Is he hypersensitive, picks up fights, feels constantly slighted, injured,
and insulted? Does he rant incessantly? Does he treat animals and children
impatiently or cruelly and does he express negative and aggressive emotions
towards the weak, the poor, the needy, the sentimental, and the disabled? Does
he confess to having a history of battering or violent offenses or behavior? Is
his language vile and infused with expletives, threats, and hostility?

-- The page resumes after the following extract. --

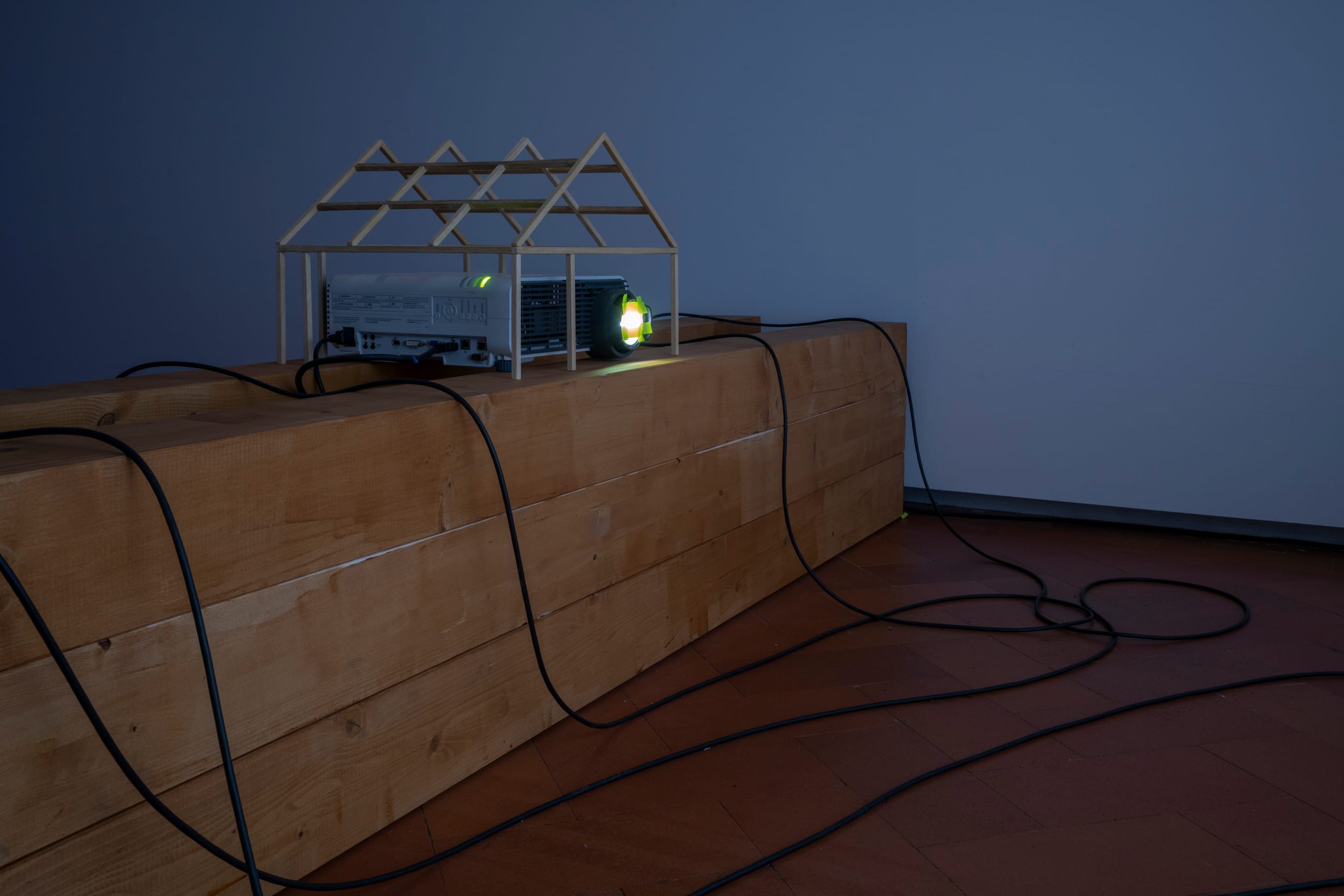 Proiettore sotto una piccola struttura a forma di casa, appoggiato su una trave in legno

Next thing: is he too eager? Does he push you to marry him having dated you
only twice? Is he planning on having children on your first date? Does he
immediately cast you in the role of the love of his life? Is he pressing you for
exclusivity, instant intimacy, almost rapes you and acts jealous when you as
much as cast a glance at another male? Does he inform you that, once you get
hitched, you should abandon your studies or resign your job (forgo your personal
autonomy)?
Does he respect your boundaries and privacy? Does he ignore your wishes (for
instance, by choosing from the menu or selecting a movie without as much as
consulting you)? Does he disrespect your boundaries and treats you as an object
or an instrument of gratification (materializes on your doorstep unexpectedly or
calls you often prior to your date)? Does he go through your personal belongings
while waiting for you to get ready?
Does he control the situation and you compulsively? Does he insist to ride in
his car, holds on to the car keys, the money, the theater tickets, and even your
bag? Does he disapprove if you are away for too long (for instance when you go
to the powder room)? Does he interrogate you when you return (“have you seen
anyone interesting”) – or make lewd “jokes” and remarks?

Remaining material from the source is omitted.